Erste Ergebnisse der Task Force solle es im Sommer geben, den Endbericht im ersten Halbjahr 2019. Nicht nur Experten der beiden federführenden Regierungsressorts, Justiz und Inneres, will Edtstadler in die Task Force einbinden. Zusätzlich wolle man etwa Opferschutzvereine, Staatsanwälte und Wissenschafter gewinnen, um die angepeilten Verschärfungen des Strafrechts auszuarbeiten. “Ich freue mich, dass ich meine Expertise im Strafrecht und insbesondere meine Erfahrungen aus meiner Zeit als Richterin einbringen kann”, so die Staatssekretärin.

Die Richtervereinigung sowie die Opferschutzorganisation “Weißer Ring” forderten, dass zunächst die jüngsten Änderungen evaluiert werden sollen, bevor über weitere Verschärfungen im Strafrecht diskutiert wird. Richter-Präsidentin Sabine Matejka zeigte sich gegenüber der APA außerdem verwundert darüber, dass die angekündigte Task Force im Innenministerium ressortieren soll.

“Wir haben bereits mehrmals darauf hingewiesen, dass die letzte Reform noch nicht evaluiert wurde. Das sollte man tun, bevor eine neue angegangen wird”, erklärte die Präsidentin der Richtervereinigung. Matejka sieht es außerdem als “sehr befremdlich” an, dass die Task Force zu dem Thema im Innenministerium und nicht im Justizministerium angesiedelt sein soll. Wenn als Begründung dafür angegeben werde, dass sich Justizminister Josef Moser (ÖVP) “anderen, dringenderen” Themen widmen soll, “wundert mich das sehr”.

Sie hält außerdem fest, dass gerade bei Sexualdelikten “keine Strafe, egal wie hoch, das Leid der Opfer lindern kann”. Matejka ortet viel eher eine “plakative Maßnahme”, denn ein höherer Strafrahmen halte niemanden von Sexualdelikten ab.

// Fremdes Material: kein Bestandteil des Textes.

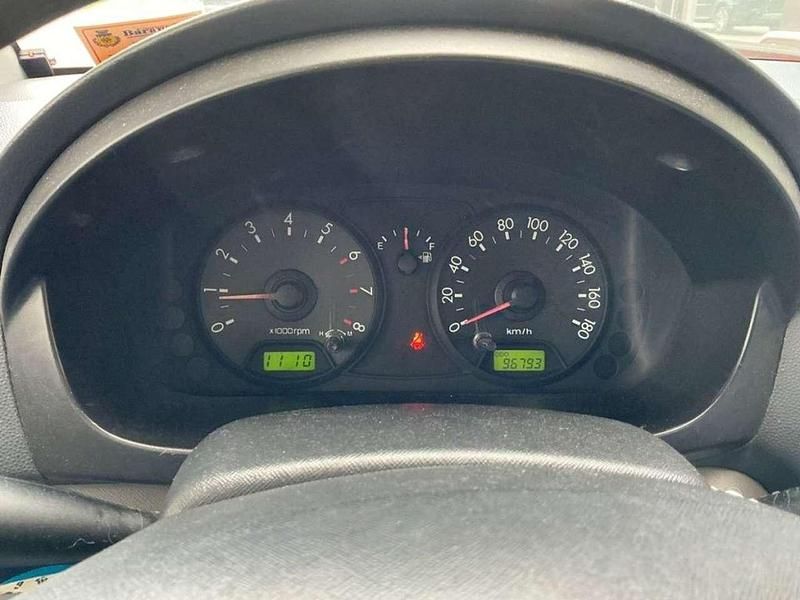 Usata Kia Picanto LX 61 CV (44 kW) 2004 Argento Utilitaria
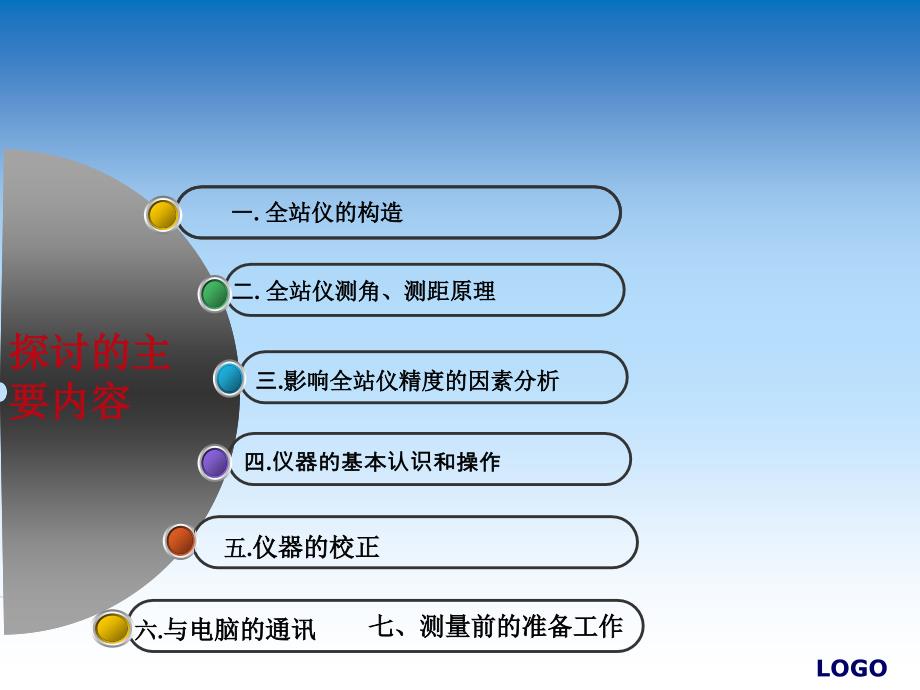 全站仪培训班_第2页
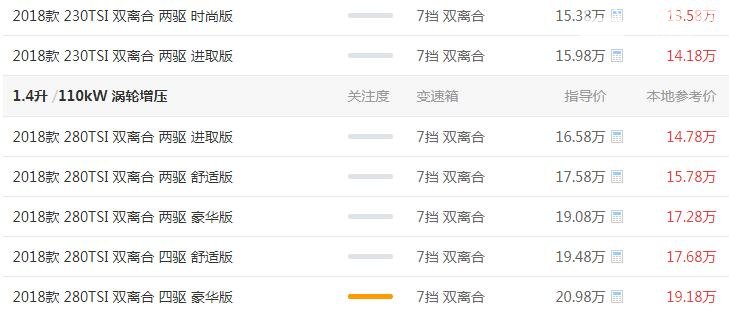 大众T-ROC探歌最新报价 最高优惠两万元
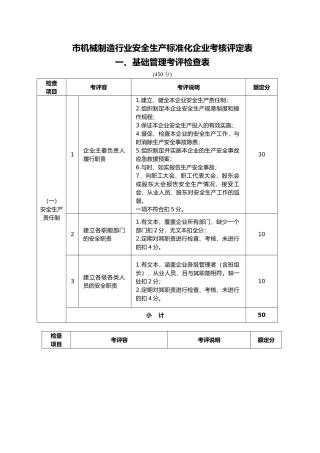 机械制造行业安全生产企业考核评定表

Rechtsanwältepräsident Rupert Wolff erkennt ebenfalls keinen Sinn in derartigen Überlegungen und stellte fest: “Wir sehen in der Praxis die Notwendigkeit nicht. Richter haben ohnehin genug Spielraum im Rahmen der vorgesehenen Höchststrafen.” Die Rechtsanwälte wollen aber die Pläne der Regierung intensiv verfolgen und sich in die Diskussion einbringen. Auch er gibt zu bedenken, dass eine höhere Strafdrohung nicht automatisch dazu führt, dass tatsächlich höhere Strafen verhängt werden.

Auf mehreren inhaltlichen Ebenen erwartet sich die Regierung Ergebnisse der Task Force: Zum einen beim Strafrecht selbst, wo erst einmal eruiert werden soll, welche Möglichkeiten bei den geltenden Strafrahmen jetzt schon bestehen und an welchen “Rädchen” man noch schrauben könne. Edtstadler: “Damit das Strafrecht Wirkung zeigen kann, müssen Taten und Strafen im richtigen Verhältnis zu einander stehen. Da haben wir Handlungsbedarf.”

Aber auch der Opferschutz solle nicht zu kurz kommen. Neben einer Bestandsaufnahme der bereits schon jetzt bestehenden Angebote will die Staatssekretärin etwa eine bessere Vernetzung unter den Behörden sicherstellen. Aber auch Abschreckung und Prävention sollen zum wichtigen Punkt der Arbeit werden. Niemand solle “zwei Mal zum Täter werden”, heißt es aus Edtstadlers Büro.

Trotz praktisch einhelliger Kritik der Justiz verteidigte Edtstadler am Montag in der “ZiB2″die Pläne. Es sei wichtig, dass Opfer sich ernst genommen fühlten. Daher werde man nachschärfen, wo es notwendig sei. Die Expertenkritik relativierte Edtstadler: “Wenn man mit Opfern spricht, ist das eine andere Sprache.”

Dass sie mit der Reform beauftragt wurde und nicht das Justizministerium, sieht Edtstadler mit ihrer Kompetenz als ehemaliger Strafrichterin begründet. Die Kompetenz für die Einbringung des Gesetzes werde ohnehin beim Justizressort liegen bzw. bei jenen Ministerien, die für die beschlossenen Maßnahmen zuständig seien. Ein Ablenkungsmanöver der Koalition von der Burschenschafter-Affäre kann die Staatssekretärin nicht erkennen. Denn die Reform des Strafrechts stehe bereits im Regierungsprogramm.